Prendiamo come esempio la Germania. I tedeschi fra qualche troveranno ad affrontare il problema inverso al nostro. In Italia, secondo i dati dell' Inps, ci saranno pensioni con rendite troppo alte rispetto a quello che il lavoratore ha versato, mentre in Germania, a causa dei popolari mini-job e di altre scelte passate ci saranno tanti pensionati che avranno pensioni molto basse.
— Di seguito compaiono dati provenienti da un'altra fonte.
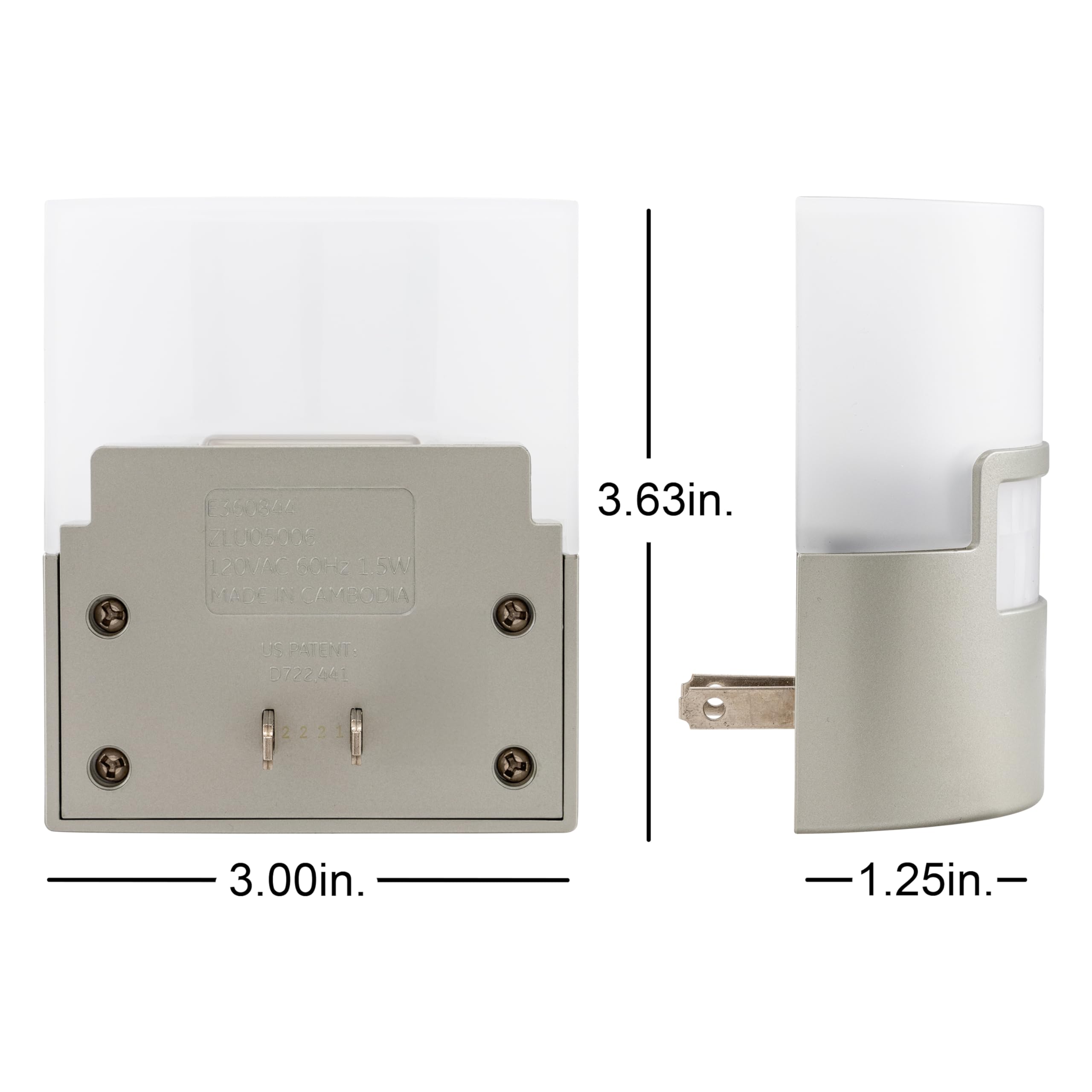 GE LED Motion Sensor Night Light Plug-in Wall, 40 Lumens Soft White, UL-Certified Energy Efficient Nightlight - 2 Pack (Silver) | Perfect for Bedroom, Bathroom, Kitchen, Hallway & Nursery Safety Lighting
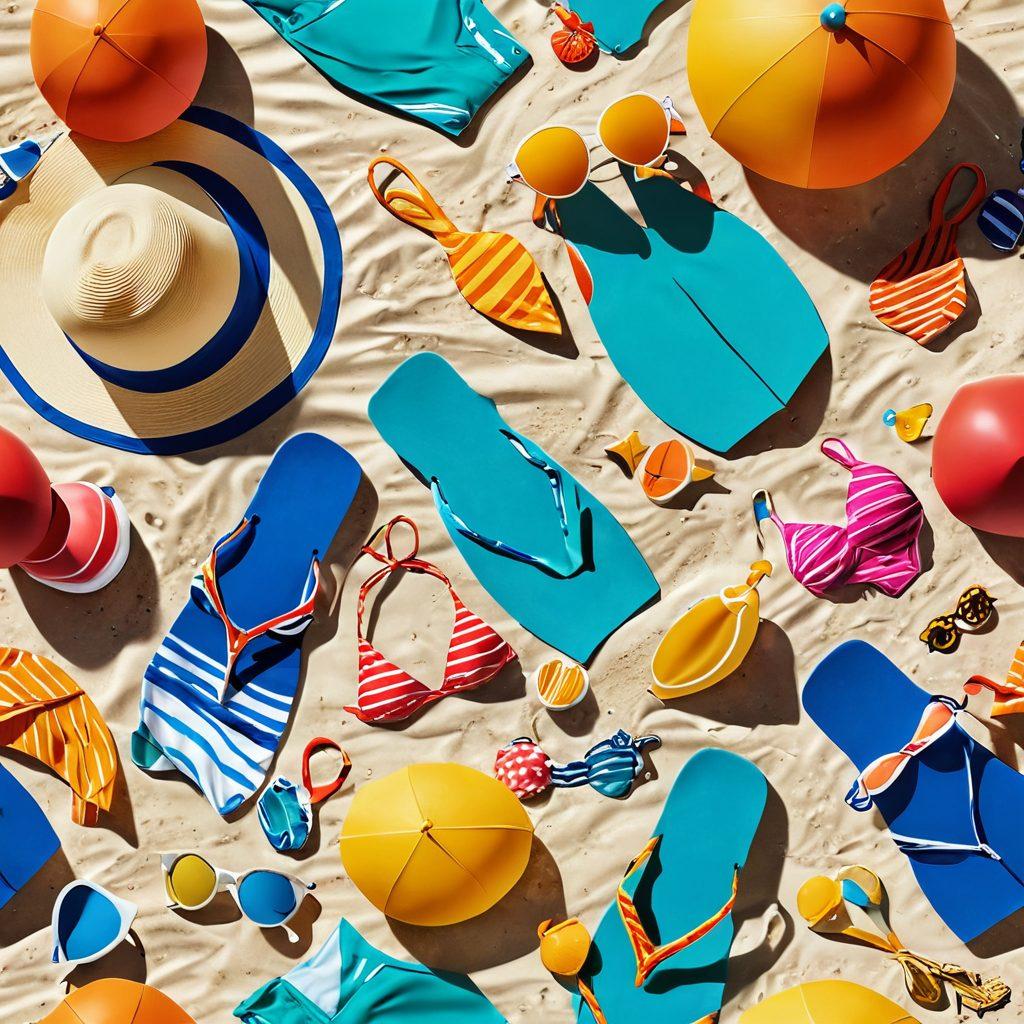 A visually striking illustration featuring diverse swimwear styles draped across a sandy beach, edged with flirtatious yet tasteful adult elements like playful beach props. Bright sunlight creates playful shadows, while a mix of swimwear designs from classic to contemporary floats in the air. The scene is inviting, highlighting the blend of fashion and a touch of adult allure. vibrant colors. super-realistic. summer vibes.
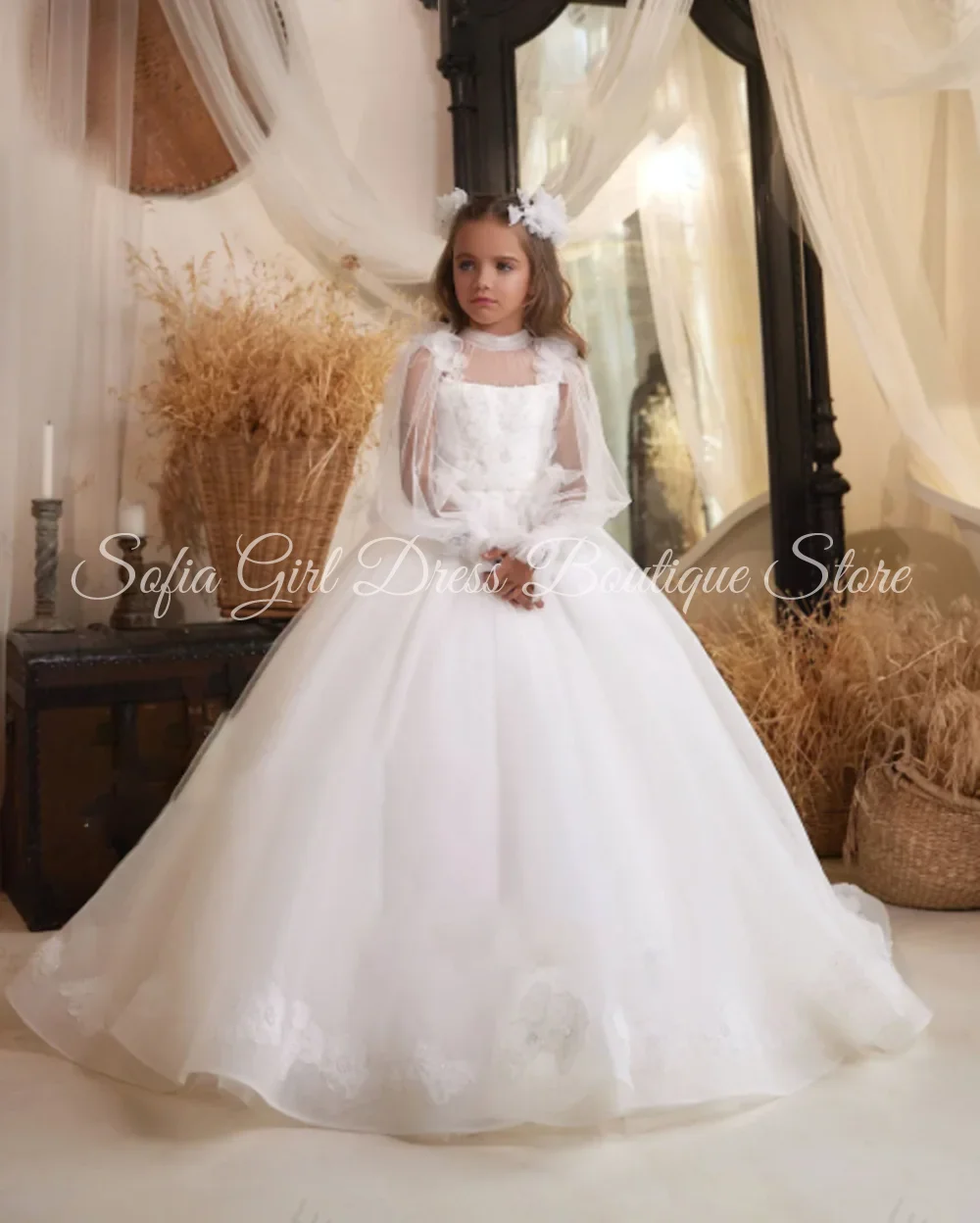 

First Communion Dresses Sleeveless Sling Leaky Back Bow Belt Flower Girls Dress Wedding Party Dance Beauty Pageant Kids Gift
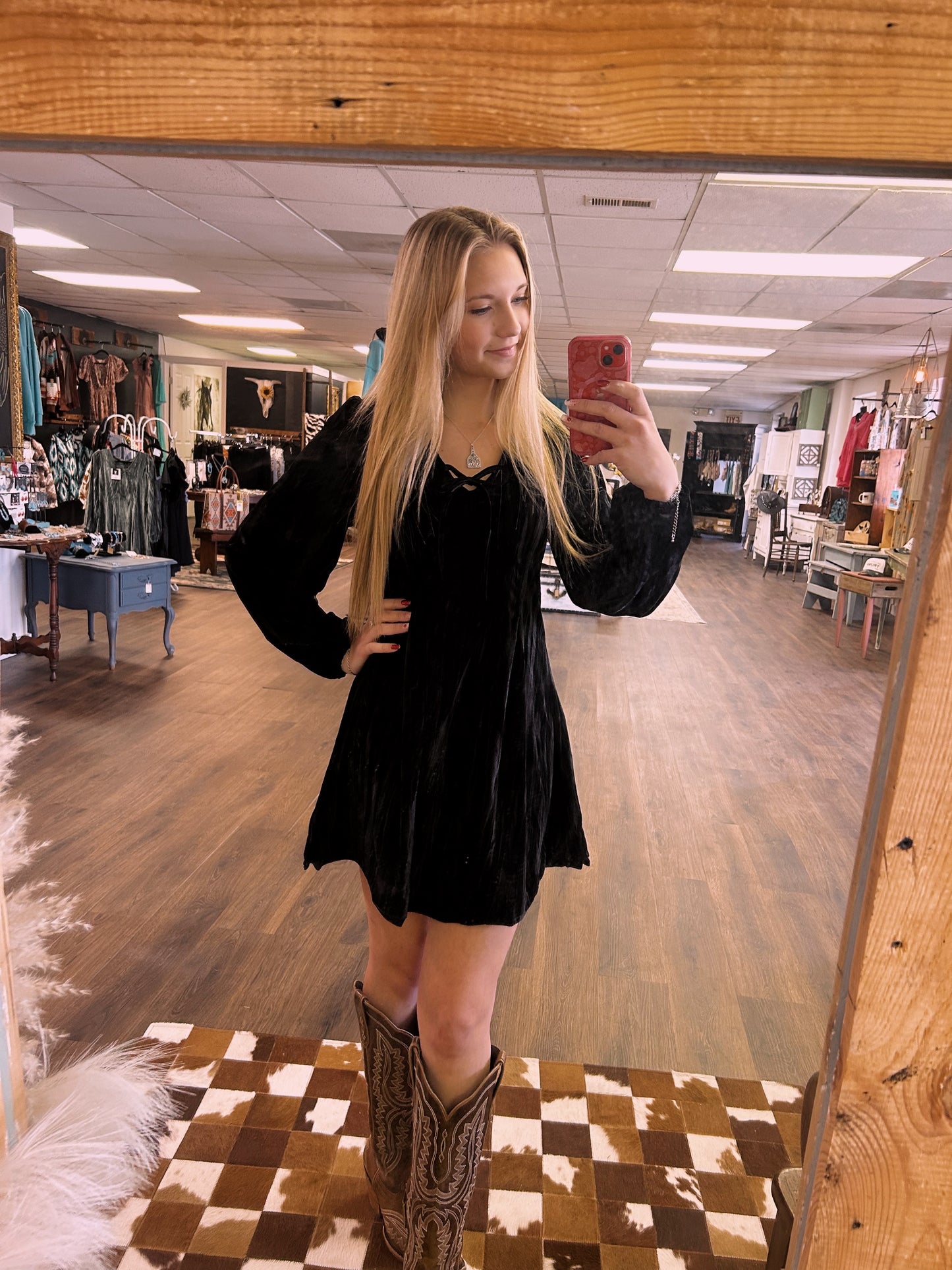 Ribbon Velvet Black Dress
Per cercare di arginare il problema la Merkel ha attuato una riforma sulle pensioni radicale, abbassando l'età sufficiente per andare in pensione da 65 a 63 anni. I tedeschi hanno potuto attuare questa modifica sia perché hanno una disoccupazione molto bassa, intorno al 5 %,contro il 12 % italiano, sia perché possono contare su un sistema pensionistico che grava meno sulle cassa pubbliche rispetto a quello italiano.

In Italia non si riesce a trovare il bandolo della matassa. Se si pensa alle ultime proposte, come quella di portare il Tfr dei lavoratori in busta paga sia per i pubblici che per i privati, si capisce come le istituzioni siano in un vicolo cieco. Il Tfr in busta paga potrebbe essere una misura deleteria per i lavoratori che ne usufruirebbero, in quanto, avrebbero la possibilità di possedere una somma di denaro pronta per essere spesa andando così a annullare il volare mutualistico del trattamento di fine rapporto. La misura potrebbe essere una arma a doppio taglio per una classe che è in sofferenza. Inoltre, ci sarebbe il problema di tutti quei lavoratori del settore privato che hanno versato il proprio Tfr nei fondi pensione.

Se la proposta di portare il Tfr in busta paga si dovesse concretizzare sarebbe molto penalizzante per loro, in quanto, non potrebbero usufruire del Tfr nella loro busta paga perché resterebbe immobilizzato nel fondi stessi.